MBRL-flat-minima

Official code repository for the NeurIPS paper: "Improving Model-Based Reinforcement Learning by Converging to Flatter Minima"

Overview

This repository contains the implementation and experimental code for our NeurIPS paper on improving model-based reinforcement learning (MBRL) by converging to flatter minima. Our work demonstrates that optimization strategies targeting flatter loss landscapes can significantly enhance the performance and generalization of model-based RL agents.
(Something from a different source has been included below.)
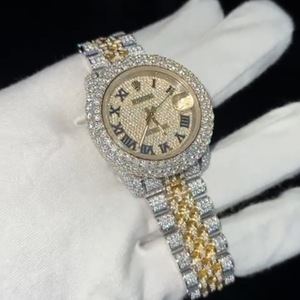 นาฬิกาอัตโนมัติ ETA รุ่น Unisex Luxury Lab Diamond ตัวเรือนสแตนเลสสตีล หน้าปัดอนาล็อก โครโนกราฟ ขนาด 25 มม. โทนสีทอง กระจก พร้อมฟังก์ชั่นสำรองพลังงาน - Product Image 3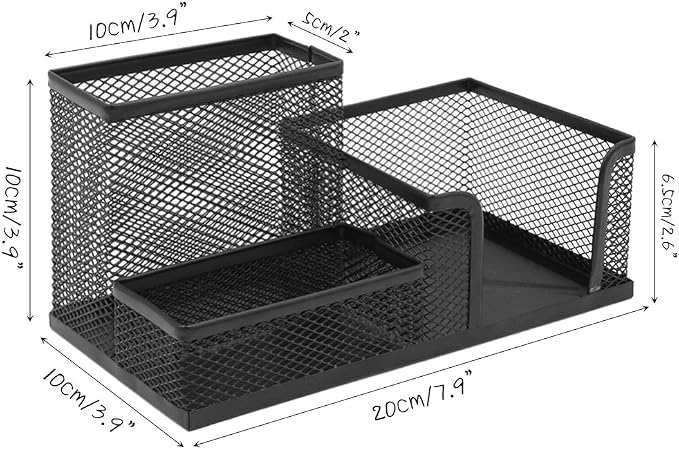 Metal Wired Mesh Design Multifunctional Desk Organizer,Desk Tidy,Pen Holder,Card Case,Storage Box for Home Office Desktop Decration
The repository includes three main experimental frameworks:

TWISTER - Transformer-based World Models with Contrastive Predictive Coding
TD-MPC2 - Scalable, Robust World Models for Continuous Control
HumanoidBench - Simulated Humanoid Benchmark for Whole-Body Locomotion and Manipulation

Repository Structure

MBRL-flat-minima/
├── TWISTER/              # Atari 100k and DMControl experiments
├── tdmpc2/               # Continuous control experiments
├── humanoid-bench/       # Humanoid robot experiments
└── README.md            # This file

Each experiment directory is a self-contained environment with its own dependencies, configuration files, and training scripts.

Experiments

TWISTER

Learning Transformer-based World Models with Contrastive Predictive Coding

TWISTER implements a Transformer-based model-based RL algorithm using action-conditioned Contrastive Predictive Coding (AC-CPC) to learn high-level feature representations. This experiment framework is used for:

Atari 100k Benchmark: 26 discrete action space games
DeepMind Control Suite: Continuous control tasks

Key Features:

Transformer-based world model architecture
Contrastive predictive coding for representation learning
Support for both discrete and continuous action spaces
Integrated SAM (Sharpness-Aware Minimization) optimization

Location: TWISTER/

TD-MPC2

Temporal Difference Learning for Model Predictive Control (Version 2)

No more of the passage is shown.